Price Trend Detection

For each product, I calculate a simple linear regression over the last 90 days of unit prices:

import numpy as np

def price_trend(product_id: str, store: str, db, days: int = 90):
    history = get_price_history(product_id, store, db, days=days)
    if len(history) < 14:
        return None

    x = np.arange(len(history))
    y = np.array([h.unit_price_cents for h in history])
    slope, intercept = np.polyfit(x, y, 1)
    annual_change_pct = (slope * 365 / np.mean(y)) * 100

    return {
        "direction": "up" if slope > 0.1 else "down" if slope < -0.1 else "stable",
        "annual_change_pct": round(annual_change_pct, 1),
        "confidence": min(len(history) / 60, 1.0),
    }

What the Data Shows

Aggregating trends across categories reveals clear patterns. Dairy and fresh meat are outpacing general inflation. Cleaning products are in a price war — good time to stockpile. Beverages are trending down, likely due to competitive pressure from store brands.

These are directional patterns from a limited dataset. Two months of data won’t capture full seasonal cycles.

Best Time to Buy

Some products follow remarkably predictable discount cycles:

def discount_cycle(product_id: str, store: str, db, days: int = 90):
    """Find the average number of days between specials."""
    history = get_price_history(product_id, store, db, days=days)
    special_dates = [h.scraped_at for h in history if h.on_special]

    if len(special_dates) < 2:
        return None

    gaps = []
    for i in range(1, len(special_dates)):
        gap = (special_dates[i] - special_dates[i-1]).days
        if gap > 1:
            gaps.append(gap)

    if not gaps:
        return None

    avg_gap = sum(gaps) / len(gaps)
    last_special = special_dates[-1]
    days_since = (datetime.now() - last_special).days

    return {
        "avg_cycle_days": round(avg_gap),
        "days_until_next": max(0, round(avg_gap - days_since)),
        "confidence": min(len(gaps) / 5, 1.0),
    }

Popular products like major soft drinks, biscuit brands, and cereal go on special every 2-4 weeks like clockwork. Patience literally pays.

Lessons Learned

1. SQLite is enough. At 10K products × 2 stores × 60 days, you have ~1.2M potential rows. SQLite handles this in milliseconds. The entire DB backs up with cp.

2. Unit price is the only honest metric. Absolute price is meaningless without pack size context. Always compare per-kg or per-litre. This is also how you catch shrinkflation — the unit price jumps even when the sticker price stays flat.

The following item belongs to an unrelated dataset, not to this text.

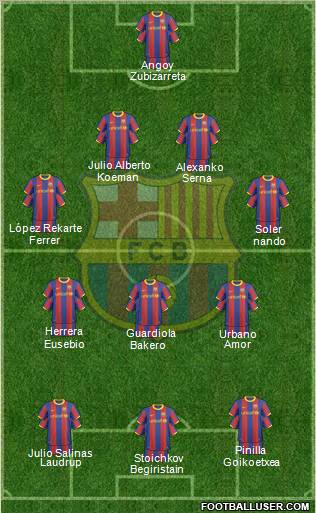 F.C. Barcelona Formation 2011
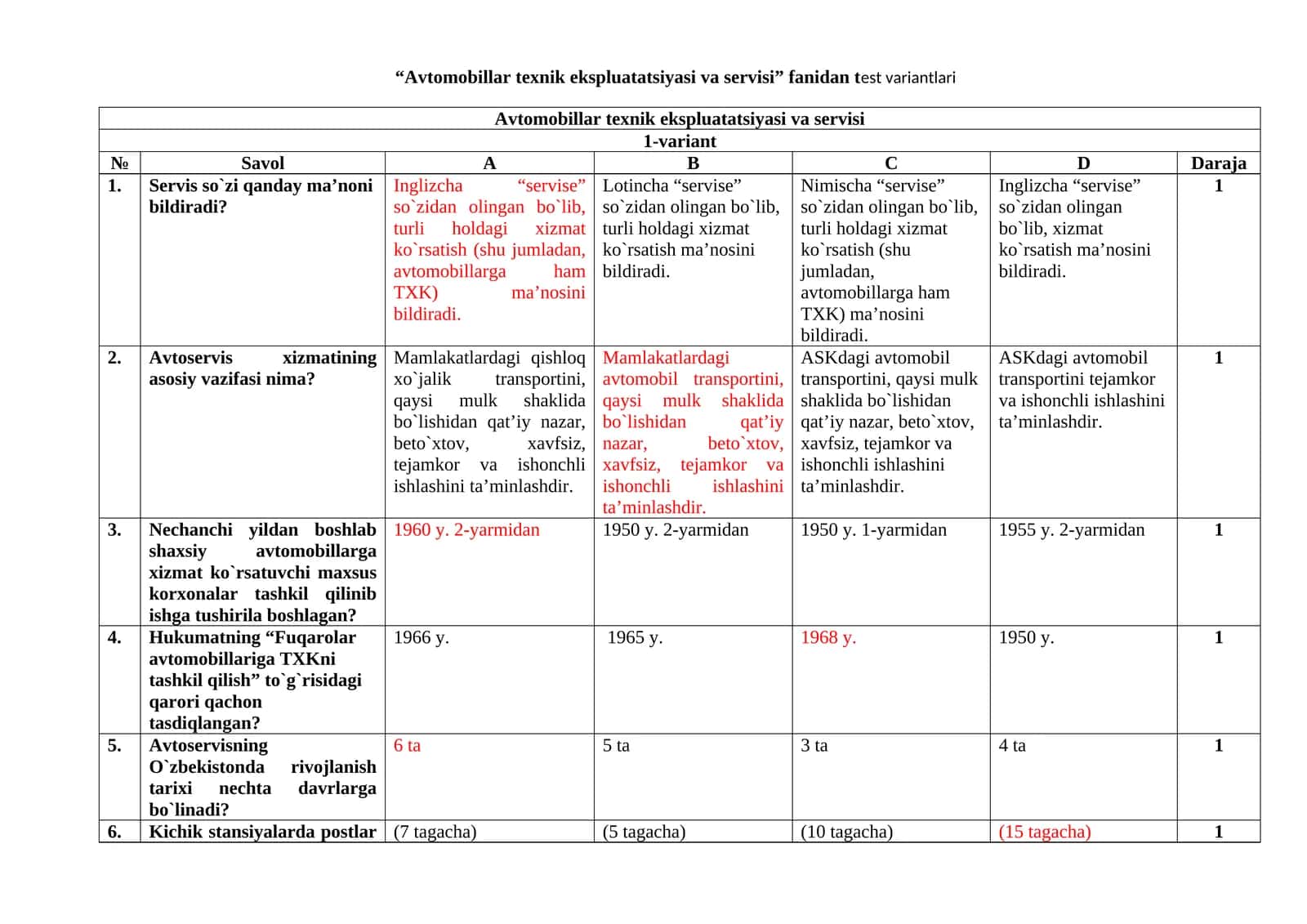 Avtomobillar texnik ekspluatatsiyasi va servisi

3. Scraping is the easy part. The hard part is product identity resolution. The same product after a rebrand needs fuzzy matching on name + category + pack size.

4. Two months isn’t enough. The real value comes at 6-12 months, when you can see full seasonal cycles. I’m playing the long game.

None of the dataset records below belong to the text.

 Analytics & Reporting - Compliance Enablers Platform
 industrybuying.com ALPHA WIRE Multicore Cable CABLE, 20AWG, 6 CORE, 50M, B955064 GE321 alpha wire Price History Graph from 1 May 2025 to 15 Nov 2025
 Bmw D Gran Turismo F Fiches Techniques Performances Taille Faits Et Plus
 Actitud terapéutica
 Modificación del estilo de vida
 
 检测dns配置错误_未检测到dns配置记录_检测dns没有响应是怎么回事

5. The data tells stories. Price movements aren’t random. They reflect supply chain decisions, competitive dynamics, and deliberate pricing strategies. Once you see the patterns, you can’t unsee them.

What’s Next

The natural extension is a mobile interface — scan a barcode, see the price history, get a “buy now or wait” recommendation. The data layer is the hard part, and that’s already running.

For now, the daily alert system catches the best deals and flags suspicious “sales.” It’s a decent return on a weekend project.